After World War Two in the UK and later in New Zealand child centred education regained centre stage at the primary levels. Elwyn Richardson's inspirational book, 'In the Early World ' was published during this time.In the 1970 an 'open education movement' continued the trend but eventually, by the 1980S, they were all replaced by more traditional programmes.

It seemed, with the introduction of the New Zealand Curriculum in 2007 student centred learning things were changing.

Then along came the standards and creativity once again is now at risk.

Standardisation is to replace personalisation.


Creative educators place great emphasis on assisting students to interpret their own and class experiences through their senses and their imagination and, following any experience, to express what they have discovered. The concept of valuing student's 'voice' and identity is vital - standardisation asks the opposite as students are measured against imposed standards.

Such creative teaching is already rare in our primary schools.

In creative schools students learn how to interpret any experience through a range of frameworks ( learning areas) - as in their preschool years all learning is integrated.

Literacy and numeracy are seen as important but as a means to an end. Today Primary classrooms focus almost all their energy on these two areas and the introduction of standards will just cement this bias. Any idea of multiple intelligences is bi and large ignored. Students succeed or fail on their ability in literacy and numeracy only .

How to interpret experiences using a range of frameworks - to see as an artist, a scientist, a poet, a writer , a mathematician, a musician, a dancer, a historian - all must be taught. It is such areas that students will find their passions ; area of exploration that those involved feel deeply.
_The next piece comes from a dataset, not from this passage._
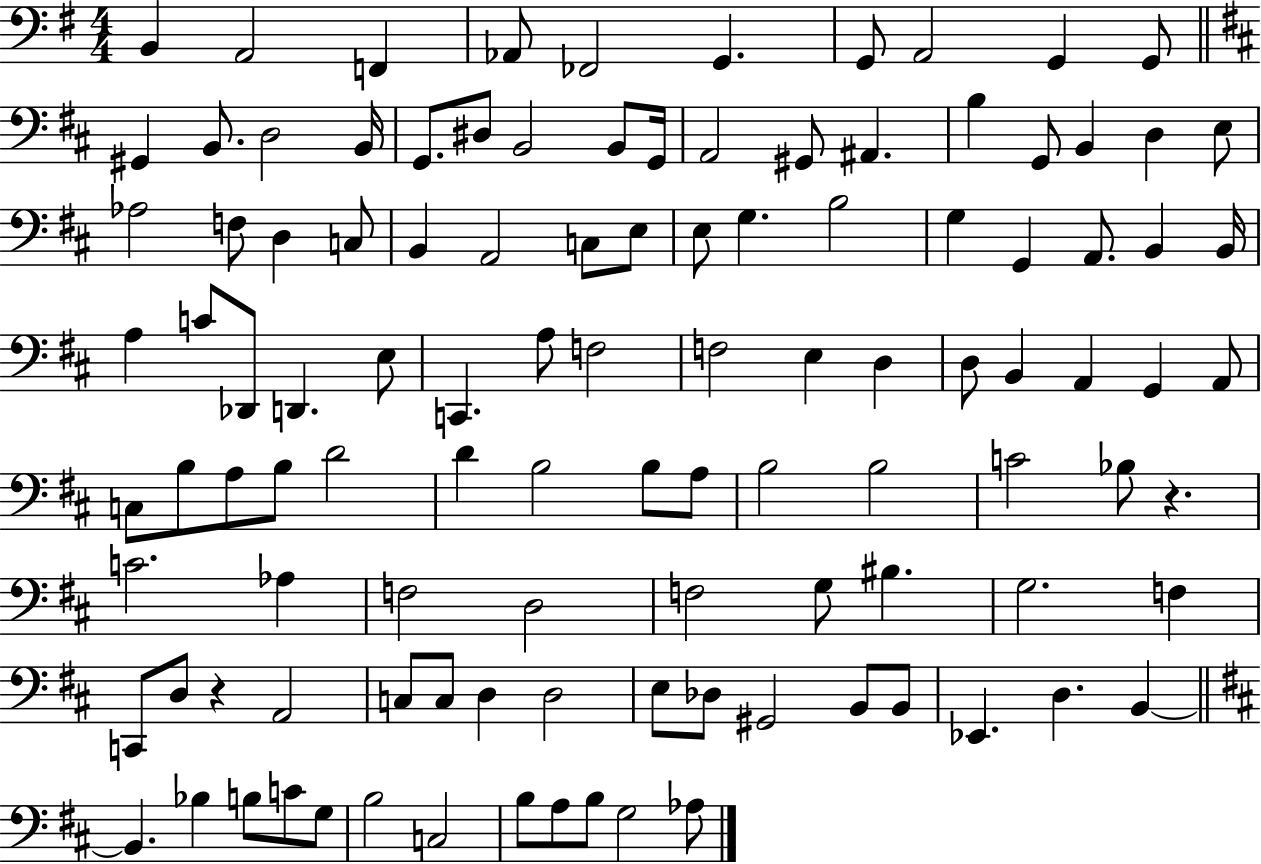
B2/q A2/h F2/q Ab2/e FES2/h G2/q. G2/e A2/h G2/q G2/e G#2/q B2/e. D3/h B2/s G2/e. D#3/e B2/h B2/e G2/s A2/h G#2/e A#2/q. B3/q G2/e B2/q D3/q E3/e Ab3/h F3/e D3/q C3/e B2/q A2/h C3/e E3/e E3/e G3/q. B3/h G3/q G2/q A2/e. B2/q B2/s A3/q C4/e Db2/e D2/q. E3/e C2/q. A3/e F3/h F3/h E3/q D3/q D3/e B2/q A2/q G2/q A2/e C3/e B3/e A3/e B3/e D4/h D4/q B3/h B3/e A3/e B3/h B3/h C4/h Bb3/e R/q. C4/h. Ab3/q F3/h D3/h F3/h G3/e BIS3/q. G3/h. F3/q C2/e D3/e R/q A2/h C3/e C3/e D3/q D3/h E3/e Db3/e G#2/h B2/e B2/e Eb2/q. D3/q. B2/q B2/q. Bb3/q B3/e C4/e G3/e B3/h C3/h B3/e A3/e B3/e G3/h Ab3/e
By doing 'fewer things well', with the assistance of 'teachers as creative coaches', students learn the importance of effort and perseverance, the to and fro of the creative process, and the intrinsic satisfaction of 'doing things well'. Creative teachers believe that through such intrinsic success students attitudes can be transformed - with sensitive teaching all students can gain a 'feeling for' whatever they are doing.

Standards will tell teachers nothing about students' attitudes -and they are to be limited to reading, writing and mathematics. Learning cannot be limited to water tight compartments.

Creative teacher value imagination over conformity and the work on display illustrates this idiosyncrasy. Many classrooms celebrate formulaic conformity -even in such a creative area as art. All too often 'best practice ' teaching has trumped student creativity. Students are limited to working at the edge of the teachers competence. Students need to be helped to judge how successful they have been by referring to past efforts not teacher tests or standards.

This illusion of certainty is no way to equip students for an evolutionary future. Students need to develop faith in their own ideas, to value their intuition, to be spontaneous and to see possibilities, not to looking over their shoulder for teacher approval.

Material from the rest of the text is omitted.